Intervention de Bertrand Sorre

Réunion du mardi 7 novembre 2023 à 17h15
Commission des affaires culturelles et de l'éducation

Photo issue du site de l'Assemblée nationale ou de WikipediaBertrand Sorre :

La proposition de loi relative à la restitution des restes humains appartenant à des collections publiques pose les bases d'une meilleure gestion de ces restitutions. En effet, cette loi-cadre vise à instaurer une procédure spécifique qui permettra de mettre fin aux lois de circonstance, lorsqu'un État fait une demande de restitution. Actuellement, ces restitutions de restes humains sont extrêmement limitées. La procédure est difficile à mettre en œuvre et il est nécessaire de recourir à des lois d'espèce au cas par cas, ce qui n'est pas satisfaisant. Le Parlement s'est d'ailleurs prononcé sur deux lois en faveur de restitutions. La première, votée en 2002, concernait la restitution à l'Afrique du Sud de la dépouille de Saartjie Baartman ; quant à la seconde, elle a été adoptée en 2010, pour restituer vingt têtes maories à la Nouvelle-Zélande.

Cette proposition de loi a donc comme objectif de mettre fin à ces lois de circonstance et d'offrir un cadre juridique clair permettant de répondre aux demandes de restitution. Il est à préciser que les restes humains de nos collections publiques ont bien souvent été acquis de manière illégitime voire violente. Ces biens sont arrivés dans des conditions suspectes et des peuples ont très clairement été lésés. Le texte n'est donc pas seulement technique mais prend aussi en compte ces spoliations. Ces collections sont particulièrement sensibles car elles sont constituées de corps humains ou d'éléments du corps humain. Il est nécessaire de leur offrir un traitement respectueux, digne et décent. Les restes humains ont un statut juridique particulier. Actuellement, le principe d'inaliénabilité fait obstacle à leur restitution. Afin de préserver la dignité humaine, le texte ouvre les restitutions à des fins funéraires, de manière large, en créant une procédure spécifique qui offrira aux États demandeurs un cadre juridique strict. Il permet de déroger au principe d'inaliénabilité des restes humains, tout en garantissant un traitement respectueux et digne de ceux-ci.

L'Australie, Madagascar et l'Argentine ont fait des demandes de restitution, dont la majorité à des fins funéraires.
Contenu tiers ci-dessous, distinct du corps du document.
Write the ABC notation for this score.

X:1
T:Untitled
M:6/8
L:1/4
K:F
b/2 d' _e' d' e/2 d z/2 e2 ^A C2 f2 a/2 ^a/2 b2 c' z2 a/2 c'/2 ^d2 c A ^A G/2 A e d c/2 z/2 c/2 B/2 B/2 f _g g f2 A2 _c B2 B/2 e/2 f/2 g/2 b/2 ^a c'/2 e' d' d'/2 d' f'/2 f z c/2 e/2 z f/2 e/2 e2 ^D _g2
Si la proposition de loi venait à être adoptée, elle pourrait leur profiter. Le texte permettra également une meilleure reconnaissance de la nature particulière de ces biens et une reconnaissance de leur valeur culturelle et cultuelle. Le retour de ces restes humains à des fins funéraires permettra aussi de maintenir la cohésion dans certaines communautés. Les groupes d'humains issus des États demandeurs pourront enfin rendre hommage à leurs défunts et accomplir des cérémonies ou des cultes dans le respect de leurs croyances et de leur culture d'origine.
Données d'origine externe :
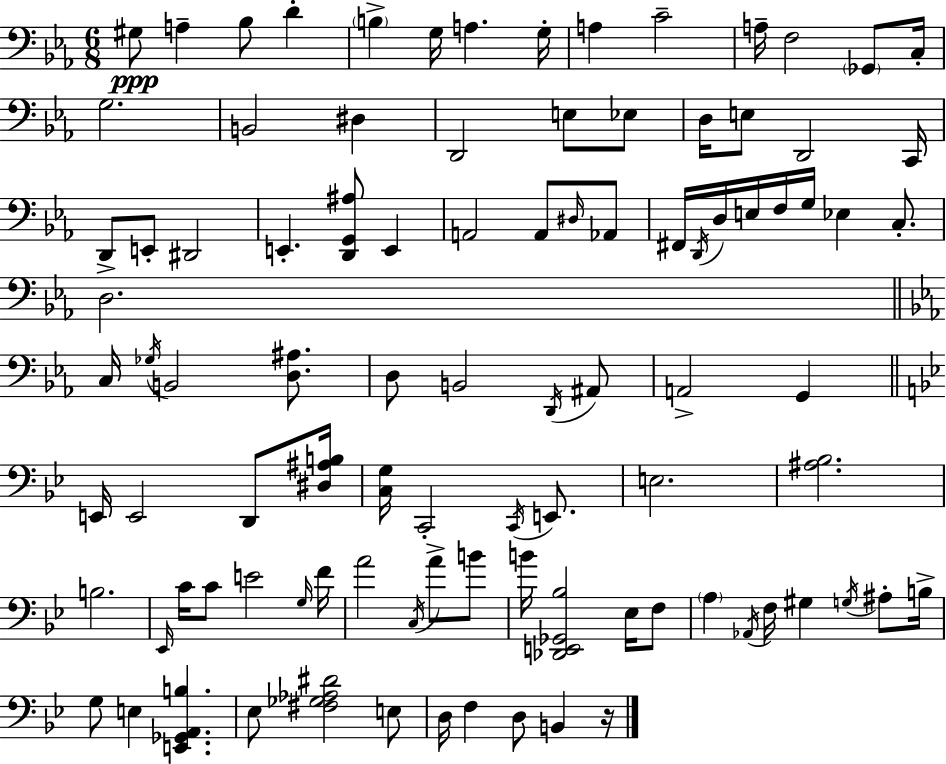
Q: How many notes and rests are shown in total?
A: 96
La restitution des restes humains s'impose comme un dialogue plus poussé et plus respectueux entre les cultures. Cette démarche permettra également à la France d'ouvrir de nouvelles coopérations culturelles et scientifiques. En effet, l'État possède de nombreux restes humains étudiés par la communauté scientifique. Une proportion significative de ces ossements pourrait d'ailleurs faire l'objet de demandes de restitution. Pour finir, cette loi permettra également d'exiger une transparence indispensable du travail scientifique effectué. Pour toutes ces raisons, notre groupe votera en faveur de cette loi-cadre.